Vocabulary Activity: Virtual Museum Travel
I was walking through the aviary at the zoo on Sunday when the word “gregarious” caught my eye. Now “gregarious” is a word I love, as I remember it by thinking of the gregarious Greg Brady from The Brady Bunch…but in this case it was describing a chatty bird, rather than a chatty 70’s show icon.
I quickly snapped a photo to add to my “found vocabulary” collection and moved on, but later, I couldn’t stop thinking about what a great vocabulary activity writing museum signs could be.
So my inspiration for this week’s fun vocabulary activity comes from the last several months of “vocabulary spotting” at museums-whether it be the Missouri History Museum or the Aviary at the St. Louis Zoo.
Step 1: Ask your students what they love, or what their hobbies are (i.e. Superheroes, My Little Pony, Plants, Japanese Comic Books, Cars, Cheerleading-whatever it may be).
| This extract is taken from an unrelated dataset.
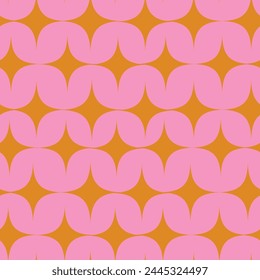 Mid Century Atomic Pink starbursts seamless pattern on orange background. For home décor, wallpaper and textile.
Next, have them plan a museum based around that love/hobby. If you want, have them check out this list of museums for ideas, but let them know it can be as creative as they want!
Step 2: Have them decide upon 4 items they want to display in their museum (you can add to this specific number of items, I am just keeping it at a class period minimum).
Step 3: Ask students to write out the placards for each display item, using at least 2 vocabulary words per placard (see “Virtual Museum” vocabulary handout). Tell students that when writing the placard, the goal is to explain the significance of each item-why is it important in the collection and what is its function.
Not only does the writing of the placards involve vocabulary practice, but it is also a great writing project that can improve students’ writing skills in the informational and technical writing fields (see Writing Common Core Standard 2!). They can draw or find pictures of each item to add next to each placard, if you are using the handout for the final tour-see “Alternatives” at the end of the directions if you wanted to expand this activity.
Step 4: Have students write a “Welcome to the museum” at the top of their vocabulary worksheet, with the overall history of the subject, what the student hopes visitors will get out of the museum tour, etc. Have students use at least 3 vocabulary words in their welcome.
Step 5: Hang up the “virtual museum” pages around the classroom and have students “tour” the various museums, leaving comment cards for at least 5 of the museums (I would require each comment card to contain at least 1 vocabulary word used in context).
A. Have students create actual virtual museums: Check out Virtual Free Sites for museum inspirations and use Glogster to create the posters. Students can still take tours of other students work and leave comments.
B. Have students create larger posters or trifold display boards for a more formalized effect. This activity can be combined with science or history projects!
C. Have students bring in actual items to place next to placards and place “museums” on various tables around the room. Perhaps host 5 tours a day for students to check out and comment on the museums during free time.
This museum tour is hopefully another vocabulary resource in which students can learn to associate vocabulary words with the hobbies they love, and everyone gets a chance to learn more about each student! Vocabulary acquisition made fun AND educational.
Common Core Standards Adressed:
Language Standard 4: Determining Word Meaning
Language Standard 6: Acquire and Use Words Accurately in Specific Situations
Writing Standard 2: Write informative/explanatory texts to examine a topic and convey ideas, concepts, and information through the selection, organization, and analysis of relevant content.